Cook your gingerbread. It will easily last till Christmas and it’s good to have some on hand for unannounced Christmas guests. Also if you package some up now (in festive cellophane or whatever), you’ll have some Small Presents ready should you suddenly need them.
The board room looked like a medieval forest and the astonishment on the party-goers’ faces as they walked through the door was worth all of the holly pricks. I’d just finished adjusting some shaky foliage when Mariella from Corporate Comms shouted out to me from the opposite corner of the room.
“Janet!” she cried. “There’s something I have to tell you!” And she broke away from Meredith and Murray and headed toward me.
“What is it?” I asked when she reached me.
“Nothing,” she replied. “But I had to escape from Meredith. She’d already told me about every azalea she has ever planted, and she was about to start on her compost secrets.”
“Glad to be of service,” I responded.
“No, wait, there is something after all: have you tried the cheese?”
I hadn’t. (I’d been too busy anchoring the shaky pine tree by the window, which was threatening to crush the guests and turn Merrie England into the tragic chapters of Seven Little Australians.)
“It’s awful,” she said.
Jessica organised a bulk discount on cheese, and I hadn’t thought to tell her that quality is still important, even when you’re negotiating on quantity.
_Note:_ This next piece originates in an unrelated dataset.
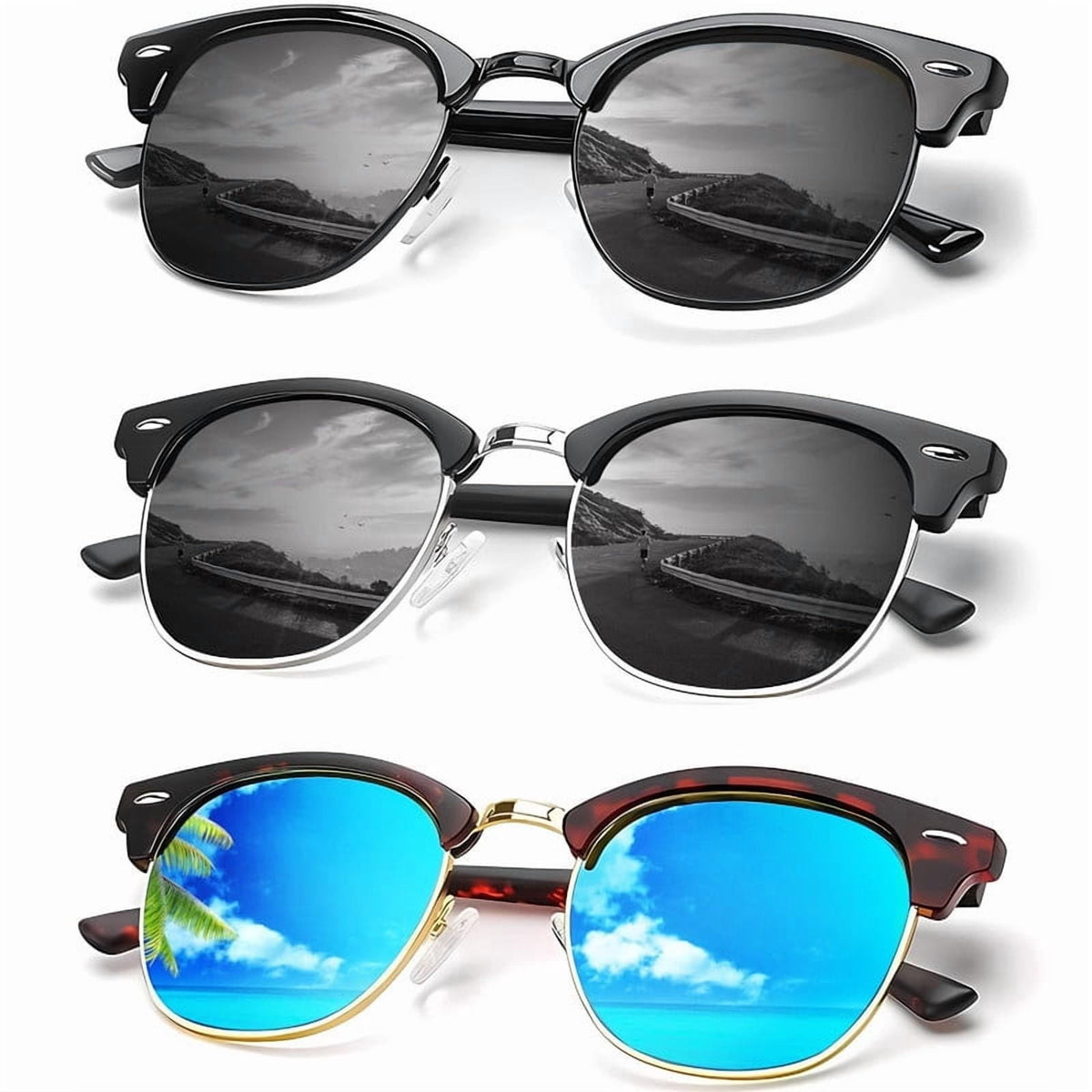 KALIYADI Polarized Sunglasses Trendy Stylish Half-frame Sun Glasses for Men Women Driving Sun glasses UV Blocking WMKAS23-3-4-5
“People who don’t like cheese are refusing to touch it, and people who do like cheese are taking one bite and then backing away.”
I looked around and saw that Mariella was right.
“Maybe they’ll fill up on bread and pickled onions,” I said, hopefully.
“I don’t think so,” said Mariella. “You’ve done a good job with the wassail, and they’ll fill up on that instead.”
And she was right, but everyone was seemed to have fun (and the shaky pine tree stayed in place) so I’m counting it as a successful party.
 Although my friend Jenny had to keep Christmas treats in the linen cupboard to stop her kids finding them and eating them all in one sitting.
 This is the excuse my colleague Murray uses for buying an entire trolley-load of shortbread each December.